On being asked over the initiative by the Centre or state government to resolve the issue, Uma said she welcomes anybody coming forward to save Ganga.

Meanwhile, the priest community on Thursday came in full support for her agitation. National spokesperson of Akhil Bharatiya Akhara Parishad, Hathyogi Digambar along with Jagadguru Ramanandcharya Swami Hansdevacharya reached Divya Prem Sewa Mission on Thursday and extended support to Uma’s campaign.

Uma began her fast on Tuesday demanding review of all the hydropower projects being developed on river Ganga in Himalayan region and calling for saving Dhari Devi Temple.

Uttarakhand Minister flays Uma

Taking a swipe over Uma’s agitation, Uttarakhand Food and Supply Minister Diwakar Bhatt on Thursday said, “While country is battling with problems like terrorism and Naxalism and instead of paying heed to tackle those major challenges, people are hindering the development path of a smaller state like Uttarakhand.”
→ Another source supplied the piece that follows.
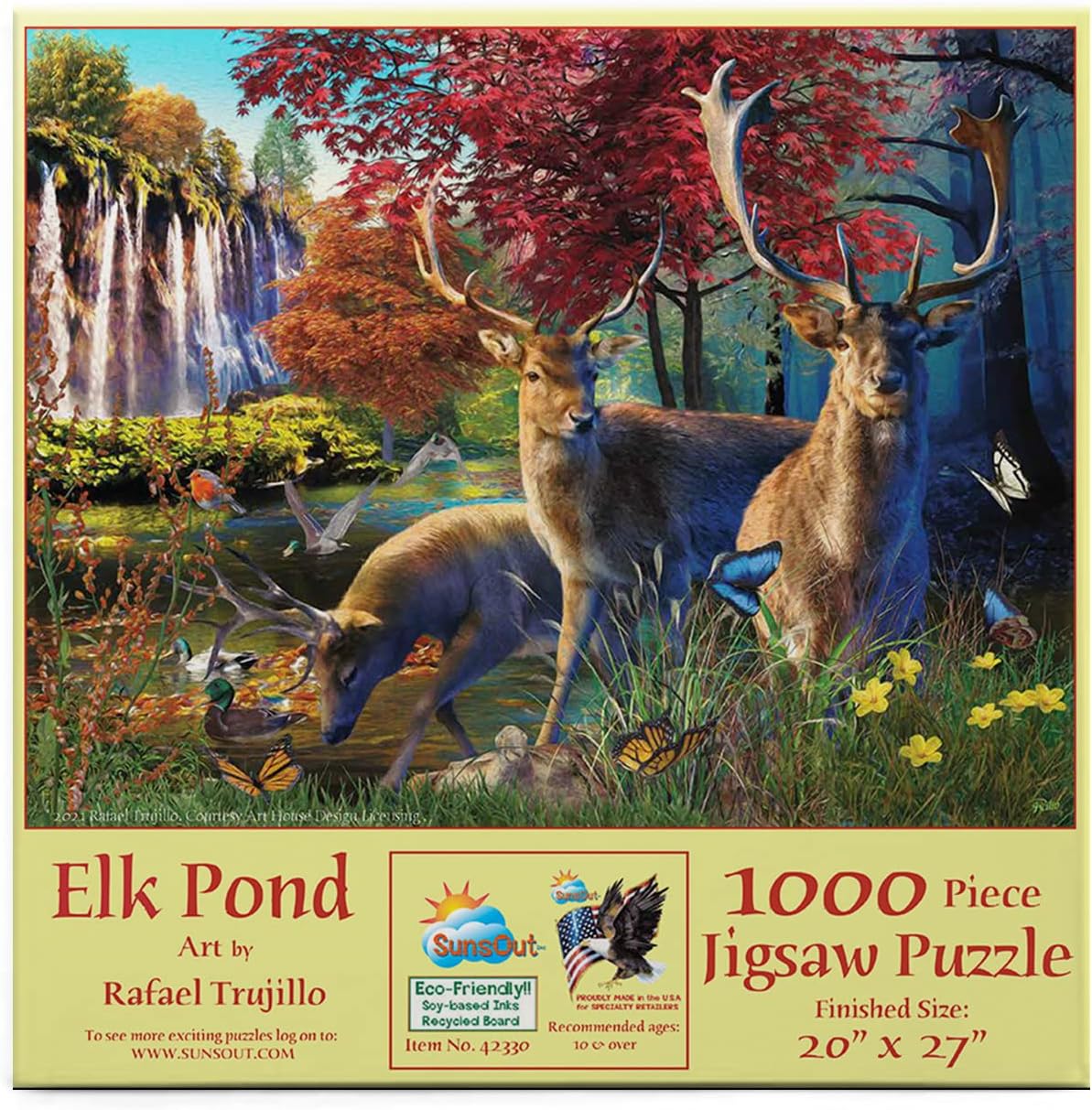 SUNSOUT INC - Elk Pond - 1000 pc Jigsaw Puzzle by Artist: Rafael Trujillo - Finished Size 20" x 27" - MPN# 42330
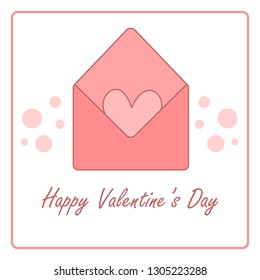 Valentine's day card with open envelope. vector design illustration.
Speaking to the mediapersons, Bhatt said that hydropower and tourism is a major source of the state’s economy. In such a scenario, protesting against hydropower projects is similar to hindering the state’s development.

“There is no threat to river Ganga, but generation of hydro electricity will benefit the country. Ganga is getting polluted beyond Haridwar. Had Uma fought for the Ganga outside the pilgrimage city, she would have got enough success,” he said.

“As far as the continuous flow of the river is concerned, why she didn’t raise her voice when much damage was being caused to the Ganga from Tihari dam five years back,” Bhatt quizzed.